# how many times a day do you kiss your cat? :)



## jazzo (Apr 19, 2005)

I have to say I kiss Sammy's cheek at least 50 times a day. I pick him up constantly, he loves to be held near my shoulder, and I must kiss him at least 10x each.

Do you think he has become a Momma's boy, he he


----------



## lilysong (Apr 4, 2005)

I never kiss my cats. No cat I've ever had has been fond of having my big ol' face shoved at them, so I don't bother. The kittens' dad is affectionate when held, and he headbutts my face, so I do kiss him when the opportunity presents itself, since he's initiating. The girls, though, don't like to be held. Polly and Muffin freak out, and Mimi is far too independent to enjoy it. The old boy was similar to Mimi - quite arrogant, and only doing things on his own terms. He hated being picked up, and if you didn't put him down when he said so with his subtle flicks of the ears - which I'd been painstakingly trained to obey :lol: - he'd bite.

So, no. No kitty kissing here. I never got into the idea, honestly.


----------



## coaster (Dec 1, 2004)

Never counted. They get kissed on top of the head once in a while. But I've noticed they're not particularly fond of it. As aphrodeia said, I don't think a cat is comfortable with having a huge human face up close and personal. I've noticed they usually turn away when I shove my face up close to theirs.


----------



## icklemiss21 (Aug 29, 2004)

I would say at least 50 between my guys too.

Scully is very kissy as is Bumper... the other two less so, but they get a kiss or two anyway!

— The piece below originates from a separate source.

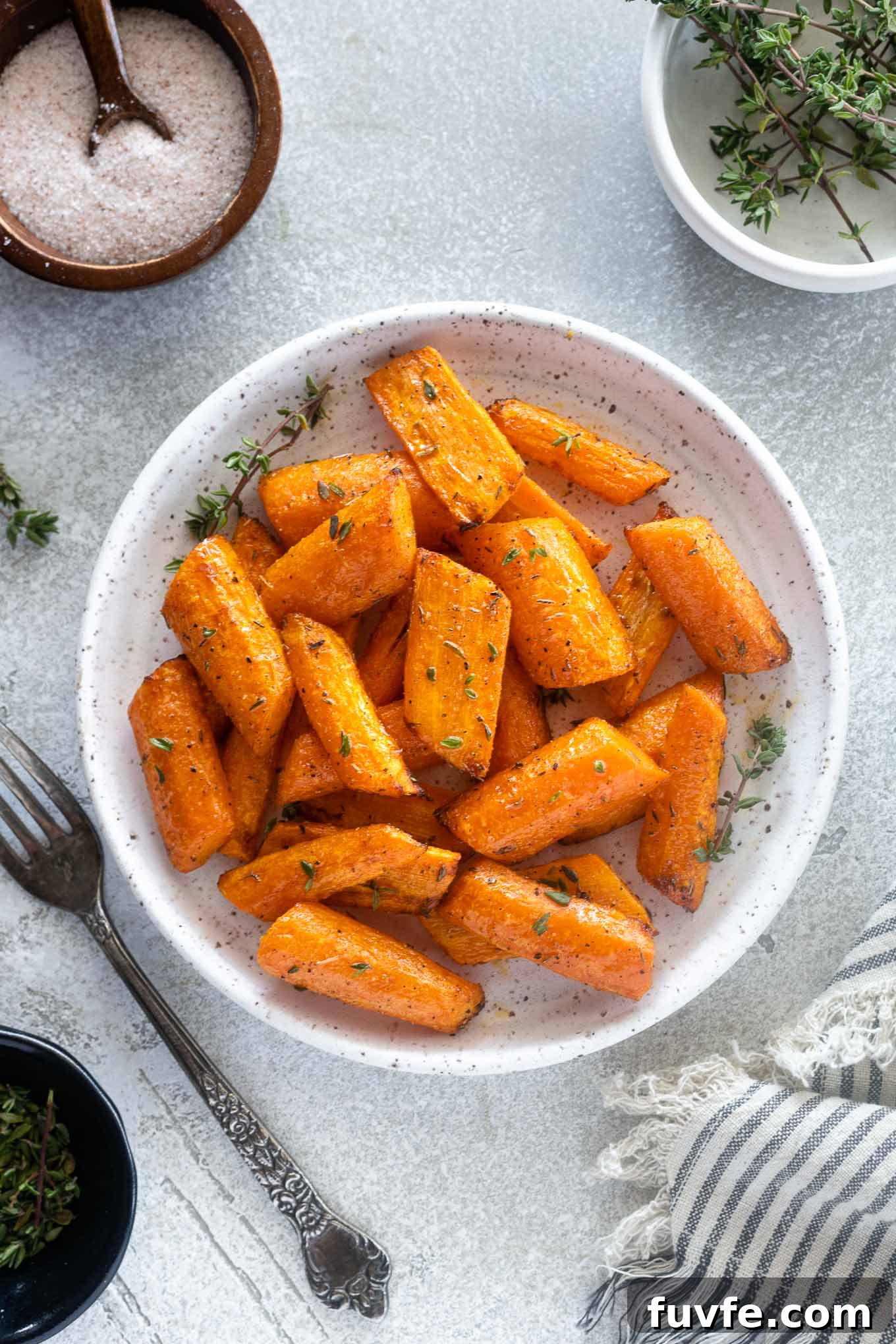 October Produce Guide: Fruits and Vegetables in Season 10 Air fryer carrots on a plate with thyme leaves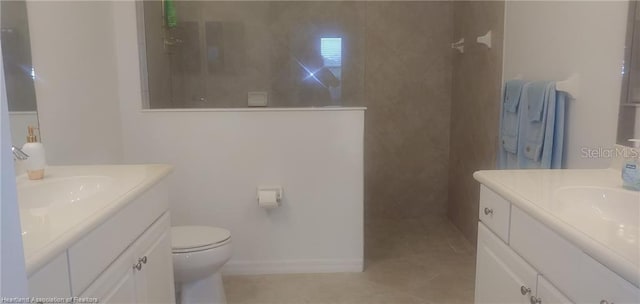 1375 Backspin Dr, Englewood, FL 34223 - full bathroom with tile patterned floors, two vanities, a walk in shower, and toilet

Scully probably gives us more kisses than we want - its not always fn having a cat shove his face in yours either!


----------



## spacemonkey (Aug 12, 2004)

How about all day long :lol: 

Scully and Beeper aren't really too fond of kisses, but the girls can't get enough of them. Stephanie and Miko get kissed by everyone in the family many, many times throughout the day.


----------



## Amber in TX (Jul 11, 2005)

Every chance I get! And each time my female kitty Belle kisses me back, she's done this since she was a kitten! Also if I say, "Belle give me kisses" she'll give me kisses! Is she a cutie or what??? She loves to give kisses like a doggy does! She also plays fetch like a doggy too! Love to give kisses and hugs to my babies!! XOXO


----------



## horseplaypen (Apr 1, 2004)

Practically every time they get picked up and cuddled... at least a dozen times a day! My favourite kissing spot is on the back of the neck where they smell all good and kitteny. I tried licking the bridge of their nose once,  because I thought it would get my affection across on a more catlike level, but they didn't seem too impressed. :lol: 

Ariel likes being kissed - she'll headbutt my face and lick my eyelids (and anything else within reach). If she's lying on her back, she'll let my put my ear on her chest to listen to her purr. 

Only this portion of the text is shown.